Une dizaine d’enfants, de 3 à 6 ans, y sont inscrits cette semaine ; un chiffre qui variera au gré des départs et des arrivées des familles, dont le stationnement, ici, est limité à deux mois d’affilée. “Il y a tout le temps des nouveaux” sourit Cécile Billiotte, la seule enseignante de cette école étonnante. “Un poste atypique, on ne se bouscule pas pour y être nommé”, dit son inspecteur de circonscription. Mais un véritable choix pour cette Lorraine de 35 ans : “Je voulais continuer à travailler en classe unique, explique-t-elle. Avoir une approche individualisée de mes élèves.” A la petite école de Saint-Menet, où elle vient d’effectuer sa seconde rentrée, la “pierre angulaire” de son activité est le travail sur le langage : “La langue maternelle des Tziganes reste le romani, explique-t-elle. Je vois arriver des enfants qui, à 3 ans passés, ne parlent pas un mot de français.” (…)

Dans cette école, elle aussi apprend tous les jours : elle a “beaucoup lu”, mais surtout ouvert ses yeux, ses oreilles, son esprit. Elle sait désormais que ces enfants portent deux noms, celui de l’état-civil, dont personne ne se sert, et le “nom affectueux”, par lequel elle les appelle elle aussi ; elle ne “fait plus la gaffe” de dire “la maison” : “C’est un concept qui n’existe pas pour eux.” Ses erreurs de débutante la font rire : “Tenter d’adapter Les Trois petits cochons avec des caravanes en paille ou en bois, ça ne marche pas“, pouffe-t-elle.

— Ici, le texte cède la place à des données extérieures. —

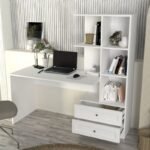 Γραφείο εργασίας Mantra Megapap χρώμα λευκό 150x60x152εκ. - Image 3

Pas plus que d’inventer une chorégraphie sur une musique tzigane : “Devant leurs parents, les enfants n’ont jamais voulu danser ce truc de gadjo !” De ces gens qui “vivent à côté de nous et que nous ne rencontrons pas”, l’enseignante a compris qu’elle n’avait, avant, “que des images d’Epinal”. Alors dans sa petite école des voyageurs, elle compte bien rester : “Je veux cueillir les fruits de ce que j’y sème”, sourit-elle.